### [Material shown]
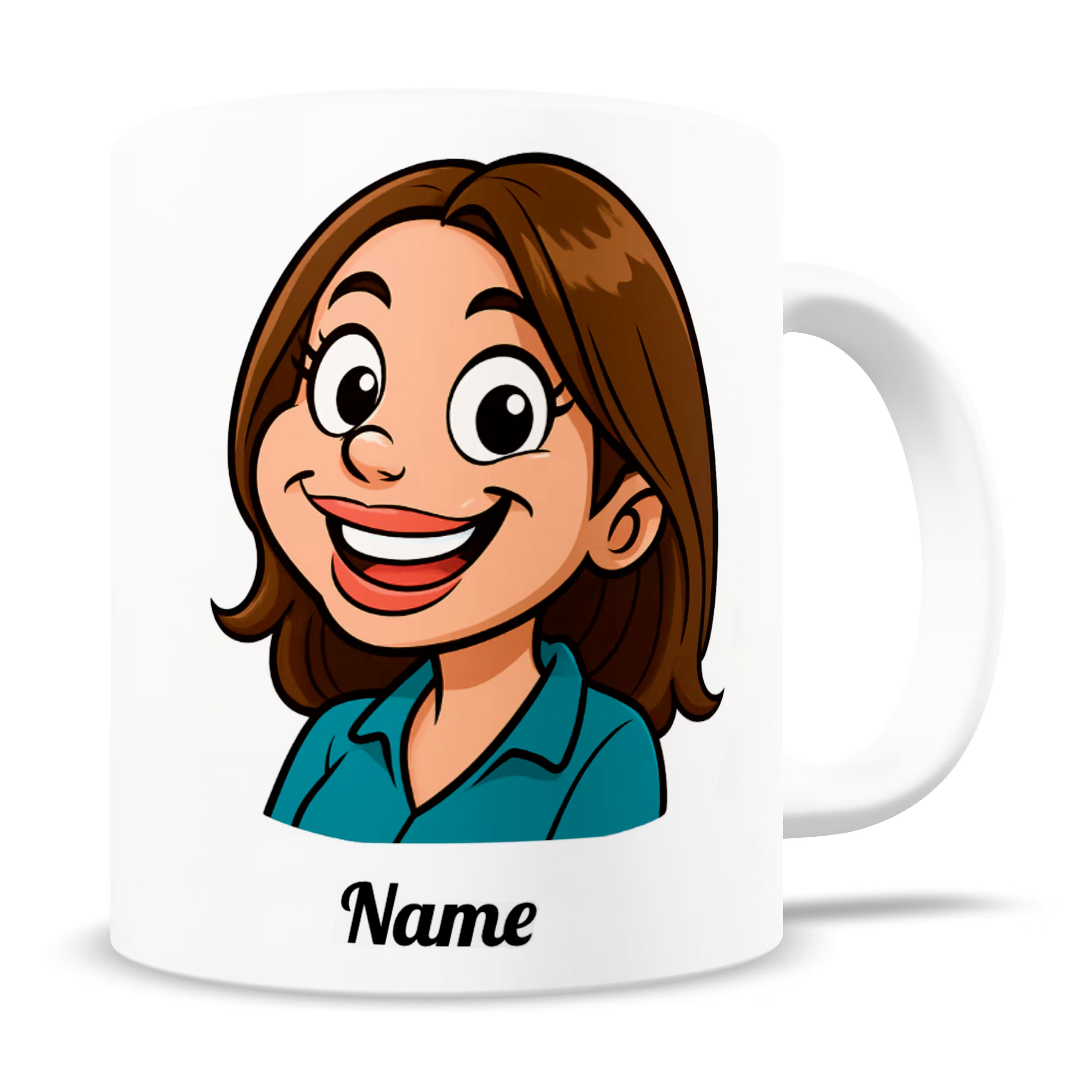 Personalisierte Keramiktasse mit Namen & Karikatur – Individuell bedruckte Tasse als Geschenkidee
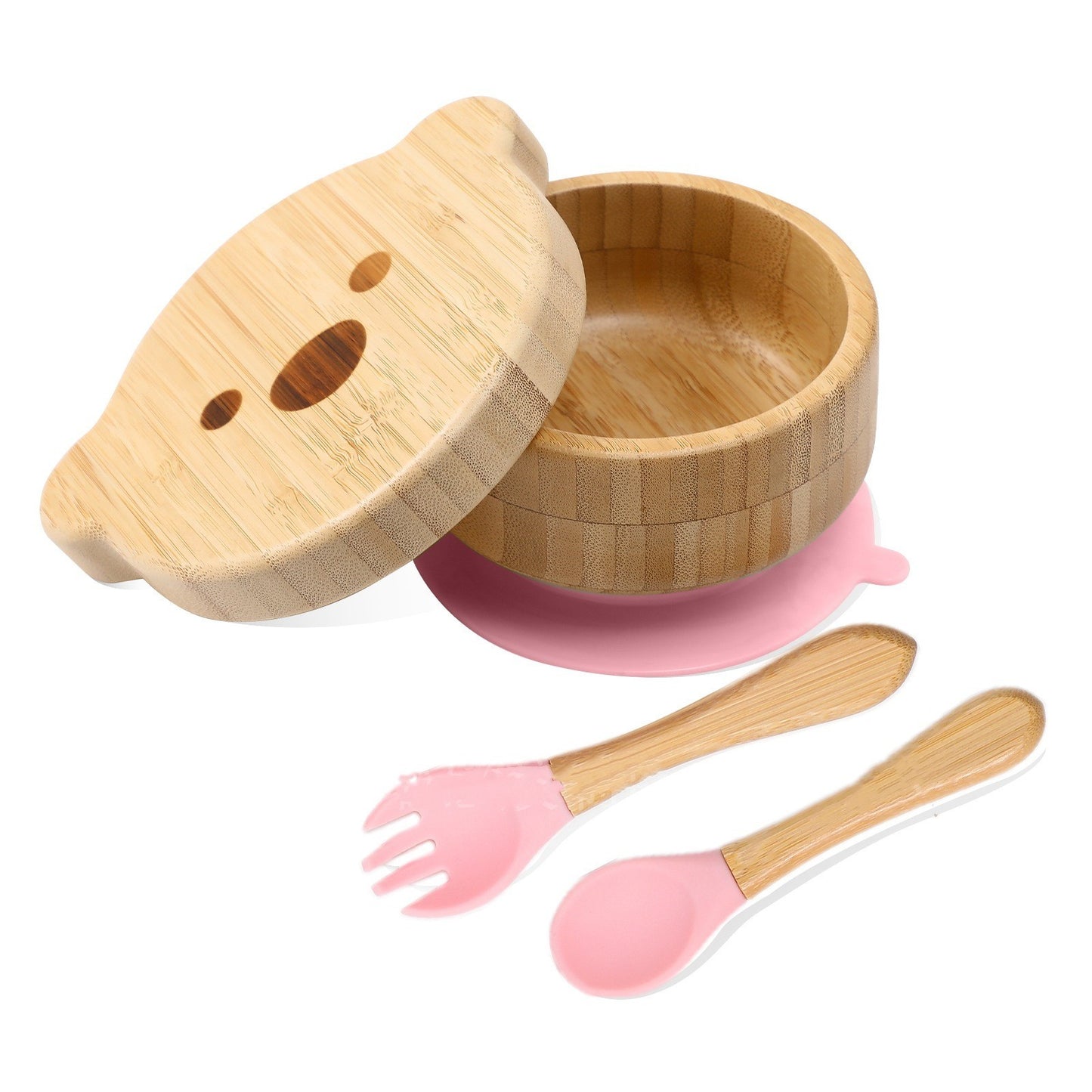 BearHug Bamboo & Silicone Bowl Set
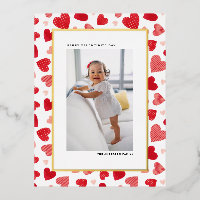 Red Watercolor Hearts Photo Happy Valentine's Day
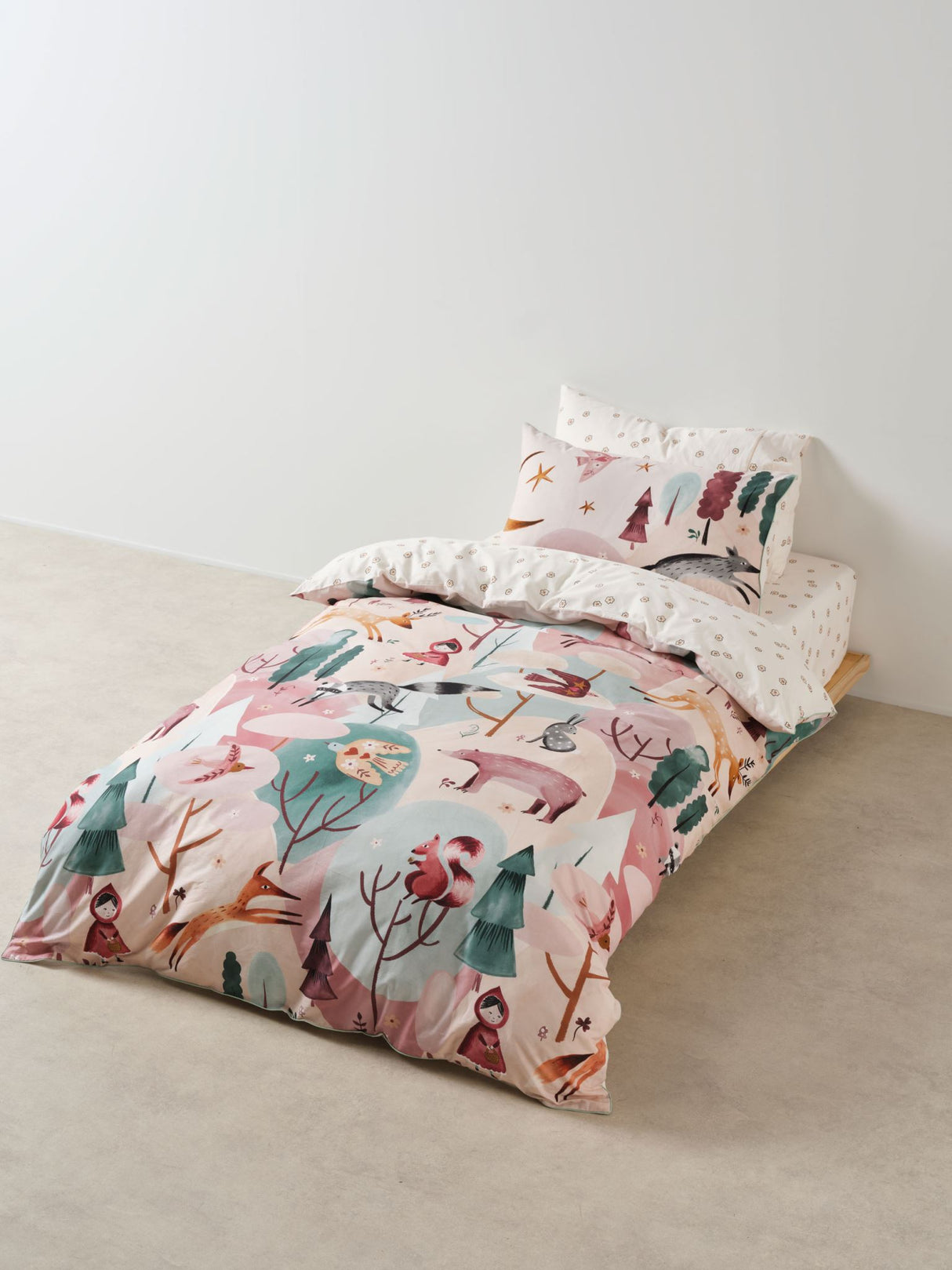 Folk Woodland Duvet Cover Set by Linen House Kids - Double (Blush)
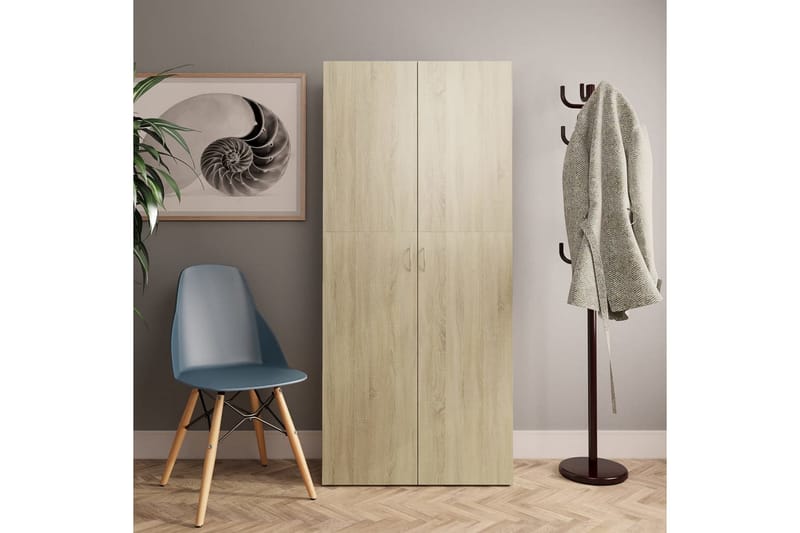 skoskab 80 x 35,5 x 180 cm spånplade sonoma-eg - Opbevaring - Skoopbevaring - Skoskab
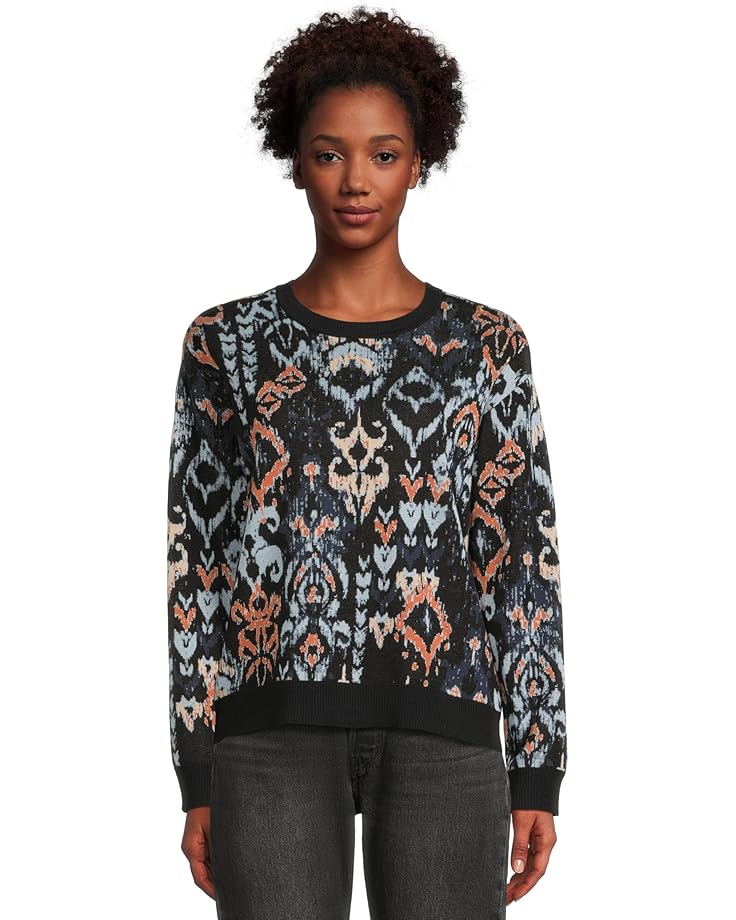 Liverpool Los Angeles Long Sleeve Crew Neck Dropped Shoulder Jacquard Sweater - Main View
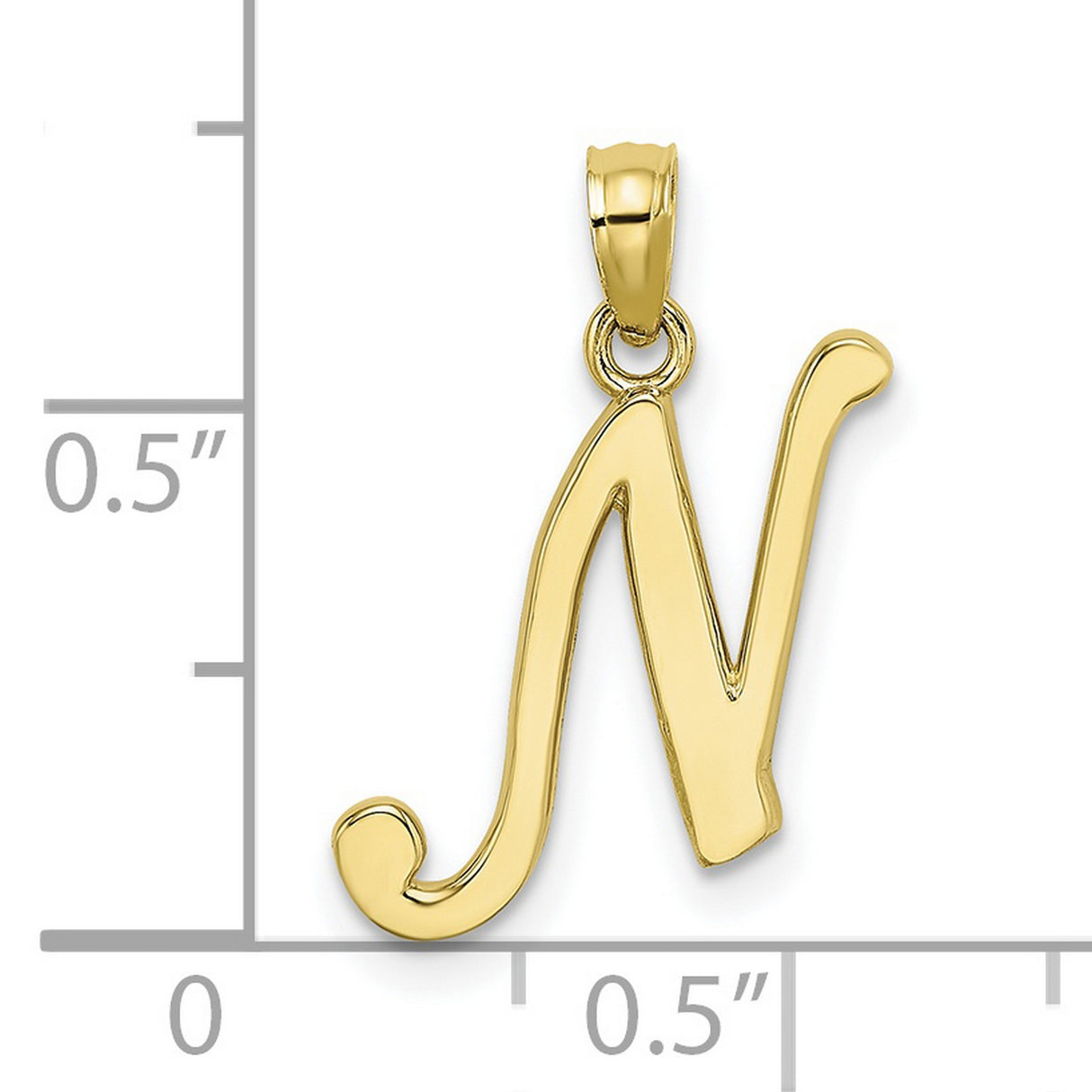 10k Yellow Gold Letter N Pendant, Cursive Script Initial Charm for Women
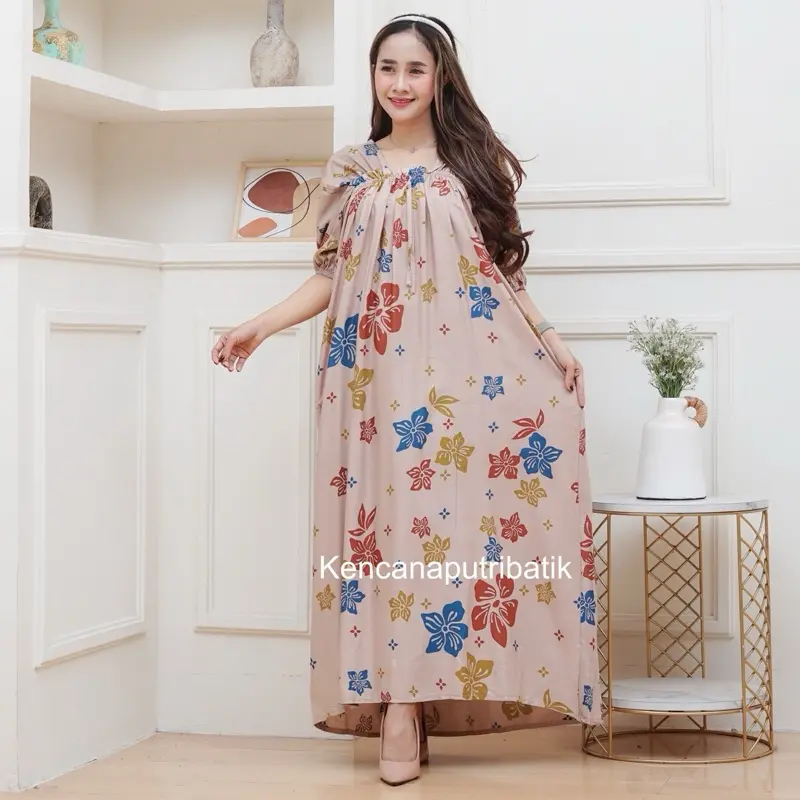 paket 3pcs daster fuji jumbo motif bunga sepatu ld 120 pb 125 lengan balon Dress Wanita Panjang [mecca dress] 2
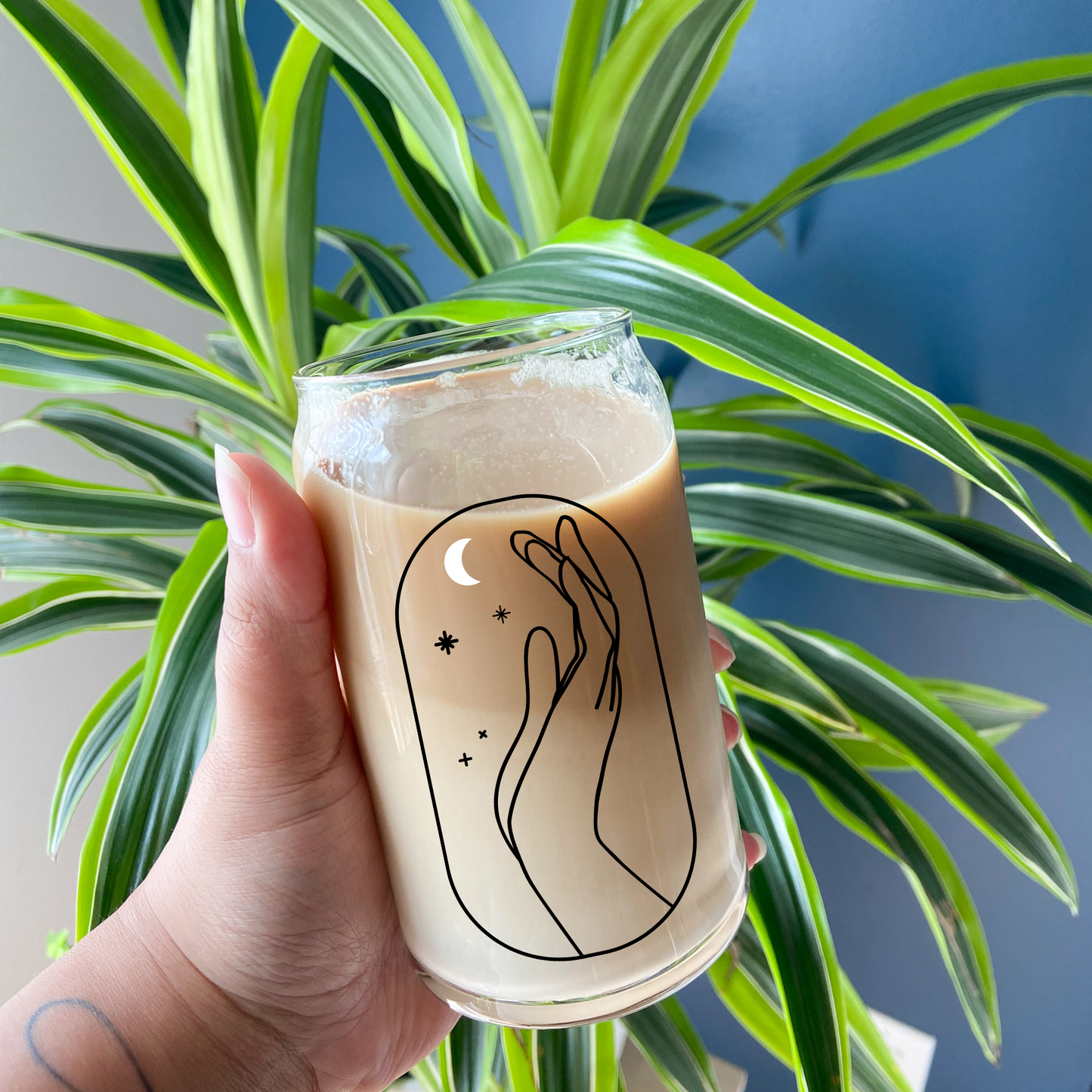 Magical Hands Beer Can Glass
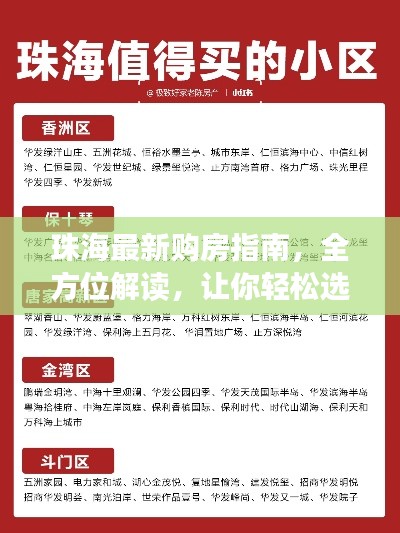 珠海最新購房指南，全方位解讀，讓你輕松選購心儀房源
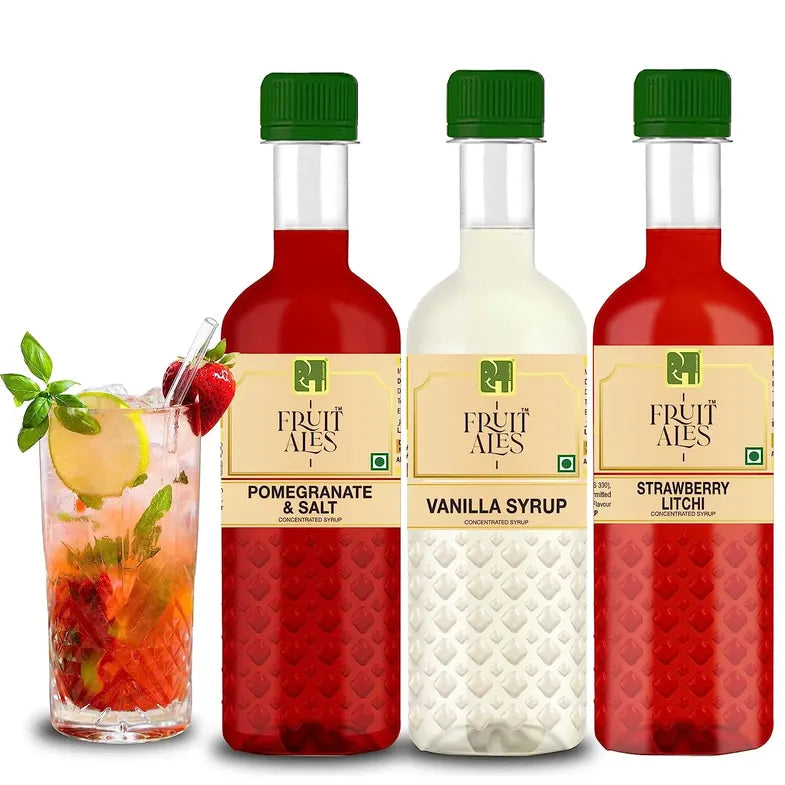 Mocktail Syrups Combo - Pomegranate & Salt, Strawberry Litchi and Vanilla Syrup- (3x300ml) - Dhampur Green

### [Work request]
Please print the listing above again word for word, without its pictures.

### [Response to the task]
 Personalisierte Keramiktasse mit Namen & Karikatur – Individuell bedruckte Tasse als Geschenkidee
 BearHug Bamboo & Silicone Bowl Set
 Red Watercolor Hearts Photo Happy Valentine's Day
 Folk Woodland Duvet Cover Set by Linen House Kids - Double (Blush)
 skoskab 80 x 35,5 x 180 cm spånplade sonoma-eg - Opbevaring - Skoopbevaring - Skoskab
 Liverpool Los Angeles Long Sleeve Crew Neck Dropped Shoulder Jacquard Sweater - Main View
 10k Yellow Gold Letter N Pendant, Cursive Script Initial Charm for Women
 paket 3pcs daster fuji jumbo motif bunga sepatu ld 120 pb 125 lengan balon Dress Wanita Panjang [mecca dress] 2
 Magical Hands Beer Can Glass
 珠海最新購房指南，全方位解讀，讓你輕松選購心儀房源
 Mocktail Syrups Combo - Pomegranate & Salt, Strawberry Litchi and Vanilla Syrup- (3x300ml) - Dhampur Green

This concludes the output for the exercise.